FBI director defers to Justice over targeted killings.
Several congressional committees want the FBI director to explain why one of his agents ordered the release of Anwar al-Awlaki from federal custody on Oct. 10, 2002, when there was an outstanding warrant for the American Muslim cleric’s arrest.
“There are a number of committees interested in the facts of what happened early on with al-Awlaki, and we’d be happy to give you a briefing of what we know. We’ve done it before, we’ll do it again,” FBI Director Robert Mueller told Republican Rep. Frank Wolf of Virginia.
Wolf first wrote to Mueller in spring 2010, based on the Fox News’ ongoing investigation of al-Awlaki, who was killed last year in a CIA-led drone strike in Yemen, on Sept. 30. Fox News was told that the congressman, whose district once included the cleric’s Virginia mosque, was not satisfied by the FBI’s earlier briefings.
“I believe the bureau could, hopefully, be more forthcoming with regard to the 2002 incident. It is important that we look at how past incidents were handled so we’re better prepared for the future,” Wolf said. “And I can’t help but think how history could’ve been different, especially at Fort Hood, if al-Awlaki had been arrested and prosecuted back in October 2002.
Thirteen peole were killed at Fort Hood and more than 30 injured. Mueller said he was “painfully aware” of the facts.
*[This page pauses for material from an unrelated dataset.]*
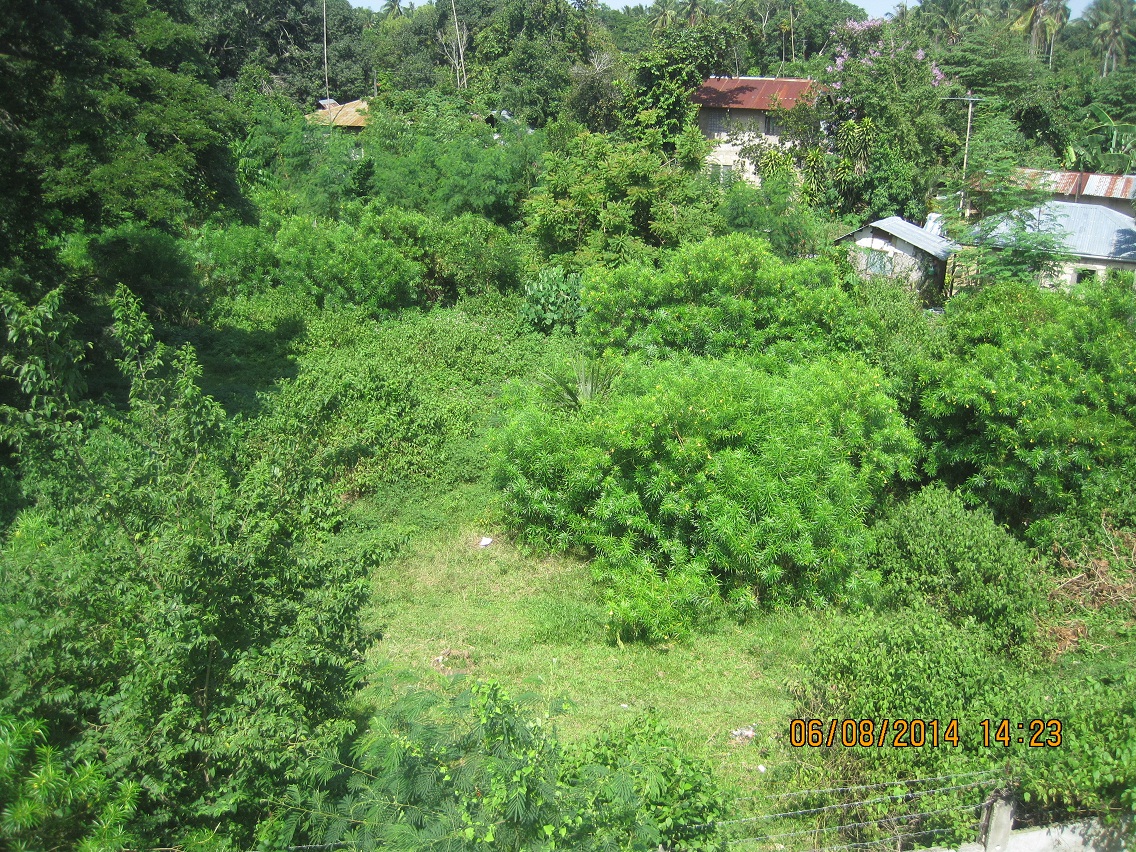 FOR SALE: Lot / Land / Farm Cebu > Other areas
The alleged Fort Hood shooter, Maj. Nidal Hasan, was in contact, via email, with al-Awlaki, who may have inspired the massacre.
“Our sympathy to the victims’ families, it’s, you know, very painful and every one of us feels badly that it occurred and that we could not stop it,” Mueller explained.
Fox News’ Specials Unit reported that the cleric was held by customs agents at JFK International Airport in New York City in early morning of Oct. 10, 2002, until FBI Agent Wade Ammerman ordered his release – even though a warrant for the cleric’s arrest on passport fraud was still active.
The warrant was generated by the Joint Terrorism Task Force in San Diego, which considered the cleric a “tier one” target because of his connections to at least three of the 9/11 hijackers. The passport fraud warrant was described to Fox News as a holding charge that would allow federal investigators to pressure al-Awlaki over his 9/11 contacts.
The warrant was pulled by a judge in Colorado, after the cleric entered the U.S. A U.S. attorney in Colorado who oversaw the warrant and the Justice Department claimed the cleric’s earlier lies to the Social Security Administration, the basis of the charge, had been corrected. But new documents obtained by Fox News through the Freedom of Information Act show otherwise.
After al-Awlaki re-entered the U.S. in the fall of 2002 with the FBI’s help, the cleric then appeared in a high-profile investigation, in which Agent Ammerman was a lead investigator. The FBI has not made the agent available to Fox News to interview, nor has the Department of Justice made the U.S. attorney on the case available. Former FBI agents say Ammerman would have needed permission from higher up in the bureau to let al-Awlaki go.
The House Homeland Security Committee launched an official investigation into the cleric and his 9/11 connections last year, but sources tell Fox News that committee staffers have been frustrated by the FBI’s resistance to providing documents and witnesses, citing “ongoing investigations.”
Wolf urged the FBI director to brief other lawmakers, including the head of the house intelligence committee, so that a similar scenario “never happens again.”
Fox News confirmed that the October 2002 incident and the arrest warrant for al-Awlaki was never disclosed to the 9/11 Commission or to Congress.
Former FBI agents, familiar with al-Awlaki’s re-entry in October 2002, say only two scenarios seem to explain what happened. The FBI was tracking the cleric for intelligence or the FBI was working with the cleric and saw him as a “friendly contact.”